If you havent seen a fuel car run, GO SEE THEM. Its an experience of a lifetime for a gearhead. I worked around jets for most of my adult life and a hemi on nitro is far louder and way more impressive... Well its on par with an F15 doing a full burner engine run but is completely different.
Olds has a small and big block, easily identified by the head casting code. For small blocks its a number (3-5-7), for big Olds its a letter (A,C,E,J) are the most numerous codes. The heads will physically bolt to big or small blocks, and its really a matter of deck height and main journal size.
Pontiac engines have no big or small block and while the displacement started at 265ci way back in 55, it grew to 455ci in 1970, and with aftermarket cranks you can get 498ci from 400 or 455 blocks. Damn near everything on them interchanges, as long as you know the year breaks when they changed things like valve inclination angle, and intake flange angles, then you have small journal 3" and big journal engines 3.25". That isnt a big nor small block thing, its the main journal size and 421,428, and 455 engines have the large journal, the rest have 3" all the way back to the late 50s. You can physically bolt any Pontiac head to any Pontiac block and with the right intake manifold it will all fit together. They all use the same size rod at 6.625", the same pushrods (except for Ram Air-IV which had thicker but not longer pushrods) and all of them had the ball stud rocker arms, because it was designed by a Pontiac engineer in his basement, which chevy and the rest copied. Its easier to say what doesnt interchange, which is pistons, cranks, and rings. The Pontiac used cylinder head changes to raise or lower the compression ratio rather than a dished piston. You can get as low as 7.7:1 on a 455 with one head and 12:1 on the same engine with another head, and both heads will have a 2.11 intake valve.
All of this is for the 50s, 60s and mid 70s engines, because in 77 they made the 301 and a smaller version that is hardly seen. Not much interchanges with the 301, but it looks quite a lot like the older engines. They are easily spotted by a dipstick poking out from behind the drivers side head. All the others had the dipstick tube on the passenger side between #2 and #4 cylinders. The nice thing about a 301 is that a 400 or 455 will bolt in where it is sitting real easy.
There is no big block Pontiac 400, chevy is the only one that made a small block 400. Anyone that tells you theyhave a big block 400 Pontiac doesnt know what they are talking about, or they are pulling your leg, usually the former. The really fun thing about a Pontiac is it can displace more than 500" and be dressed up to look like a 326 or even a 265. I used to tell people all the time that my 455 was a 350 or a 310, they had no way of knowing unless they know the very minor differences.
Olds has a small and big block, easily identified by the head casting code. For small blocks its a number (3-5-7), for big Olds its a letter (A,C,E,J) are the most numerous codes. The heads will physically bolt to big or small blocks, and its really a matter of deck height and main journal size.
Pontiac engines have no big or small block and while the displacement started at 265ci way back in 55, it grew to 455ci in 1970, and with aftermarket cranks you can get 498ci from 400 or 455 blocks.

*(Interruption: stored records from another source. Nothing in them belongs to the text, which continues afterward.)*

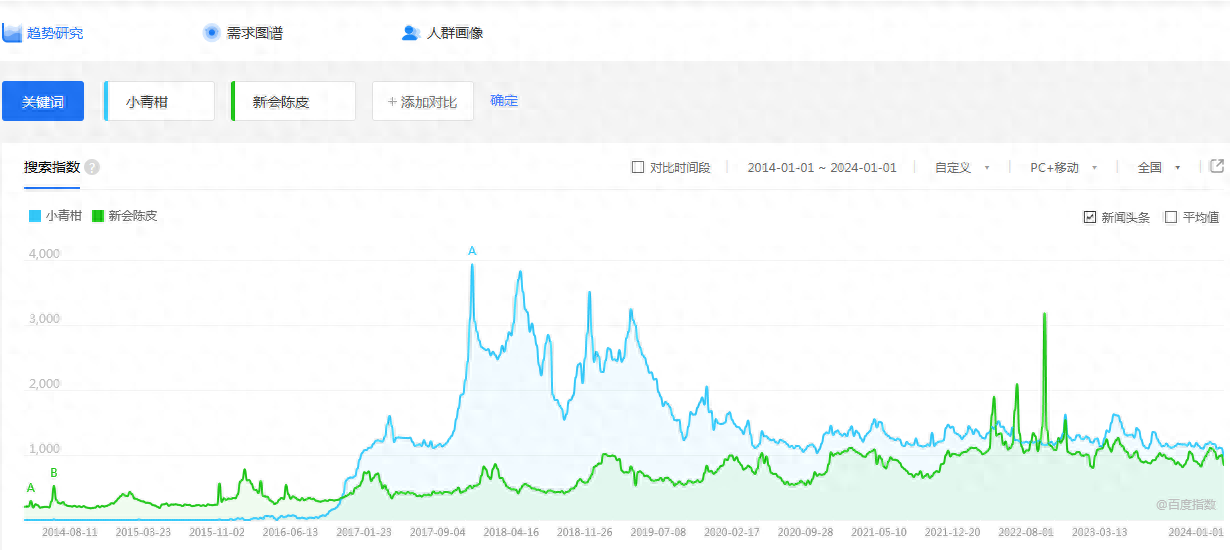 2024年了，小青柑还有人喝吗？谁在喝？适合谁喝？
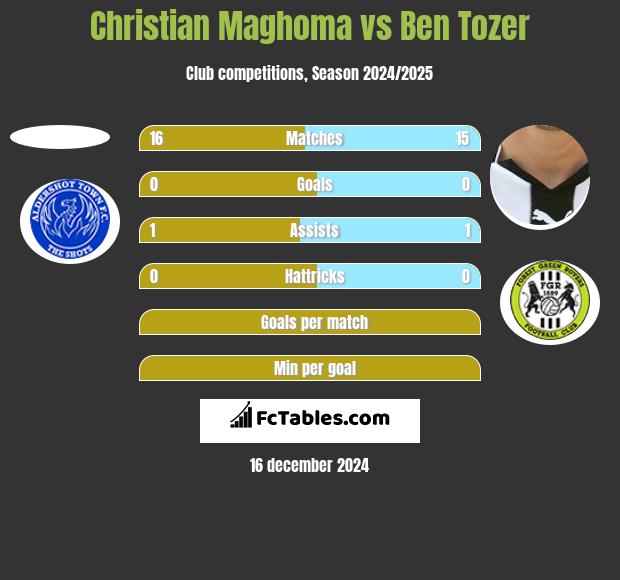 Christian Maghoma vs Ben Tozer h2h player stats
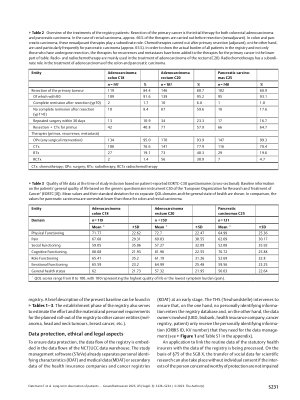 Vorschauseite 6: Langzeitbeobachtung von Patienten mit Krebserkrankungen – ein entitätsunabhängiges Register für Versorgungsforschung und translationale Forschung an der Universitätsmedizin Dresde…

Damn near everything on them interchanges, as long as you know the year breaks when they changed things like valve inclination angle, and intake flange angles, then you have small journal 3" and big journal engines 3.25". That isnt a big nor small block thing, its the main journal size and 421,428, and 455 engines have the large journal, the rest have 3" all the way back to the late 50s. You can physically bolt any Pontiac head to any Pontiac block and with the right intake manifold it will all fit together. They all use the same size rod at 6.625", the same pushrods (except for Ram Air-IV which had thicker but not longer pushrods) and all of them had the ball stud rocker arms, because it was designed by a Pontiac engineer in his basement, which chevy and the rest copied. Its easier to say what doesnt interchange, which is pistons, cranks, and rings. The Pontiac used cylinder head changes to raise or lower the compression ratio rather than a dished piston. You can get as low as 7.7:1 on a 455 with one head and 12:1 on the same engine with another head, and both heads will have a 2.11 intake valve.
All of this is for the 50s, 60s and mid 70s engines, because in 77 they made the 301 and a smaller version that is hardly seen. Not much interchanges with the 301, but it looks quite a lot like the older engines. They are easily spotted by a dipstick poking out from behind the drivers side head. All the others had the dipstick tube on the passenger side between #2 and #4 cylinders. The nice thing about a 301 is that a 400 or 455 will bolt in where it is sitting real easy.
There is no big block Pontiac 400, chevy is the only one that made a small block 400. Anyone that tells you theyhave a big block 400 Pontiac doesnt know what they are talking about, or they are pulling your leg, usually the former. The really fun thing about a Pontiac is it can displace more than 500" and be dressed up to look like a 326 or even a 265. I used to tell people all the time that my 455 was a 350 or a 310, they had no way of knowing unless they know the very minor differences.